→ **Exercise**
The word to look for is "photo". Report every line of the entries below that has it.

----------

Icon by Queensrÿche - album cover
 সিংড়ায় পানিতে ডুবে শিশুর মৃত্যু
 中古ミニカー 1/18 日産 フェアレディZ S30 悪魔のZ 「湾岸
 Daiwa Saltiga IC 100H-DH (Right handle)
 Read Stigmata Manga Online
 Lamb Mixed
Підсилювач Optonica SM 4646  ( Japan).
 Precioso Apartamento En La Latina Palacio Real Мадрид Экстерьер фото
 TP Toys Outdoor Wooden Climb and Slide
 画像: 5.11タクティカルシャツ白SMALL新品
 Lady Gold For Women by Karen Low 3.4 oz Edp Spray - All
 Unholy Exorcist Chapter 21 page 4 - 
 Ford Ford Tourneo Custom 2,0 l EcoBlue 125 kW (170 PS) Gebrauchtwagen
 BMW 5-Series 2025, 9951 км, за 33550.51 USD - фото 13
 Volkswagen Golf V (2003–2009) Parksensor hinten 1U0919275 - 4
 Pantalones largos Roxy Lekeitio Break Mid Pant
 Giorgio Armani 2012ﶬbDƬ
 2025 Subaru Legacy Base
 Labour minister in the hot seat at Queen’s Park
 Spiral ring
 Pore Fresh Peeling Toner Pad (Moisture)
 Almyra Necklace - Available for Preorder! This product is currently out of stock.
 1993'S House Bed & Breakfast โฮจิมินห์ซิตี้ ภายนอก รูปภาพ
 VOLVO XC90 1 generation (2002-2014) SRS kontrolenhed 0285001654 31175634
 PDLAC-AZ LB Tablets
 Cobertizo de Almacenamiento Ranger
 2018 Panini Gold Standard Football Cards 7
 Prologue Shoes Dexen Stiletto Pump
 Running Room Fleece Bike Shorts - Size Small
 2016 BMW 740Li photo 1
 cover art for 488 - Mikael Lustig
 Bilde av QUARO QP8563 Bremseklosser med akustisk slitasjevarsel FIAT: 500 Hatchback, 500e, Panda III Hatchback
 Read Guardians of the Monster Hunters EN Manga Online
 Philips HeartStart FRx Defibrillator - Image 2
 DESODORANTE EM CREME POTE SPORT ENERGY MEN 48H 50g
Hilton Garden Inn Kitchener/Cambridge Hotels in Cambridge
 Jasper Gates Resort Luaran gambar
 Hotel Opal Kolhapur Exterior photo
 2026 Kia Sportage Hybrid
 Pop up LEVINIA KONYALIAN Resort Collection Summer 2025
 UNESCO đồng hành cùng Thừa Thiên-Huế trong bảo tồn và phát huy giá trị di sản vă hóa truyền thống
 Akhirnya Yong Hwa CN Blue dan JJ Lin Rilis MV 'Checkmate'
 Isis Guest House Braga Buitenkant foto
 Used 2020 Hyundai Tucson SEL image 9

----------

→ **Output below**
 2016 BMW 740Li photo 1
 Hotel Opal Kolhapur Exterior photo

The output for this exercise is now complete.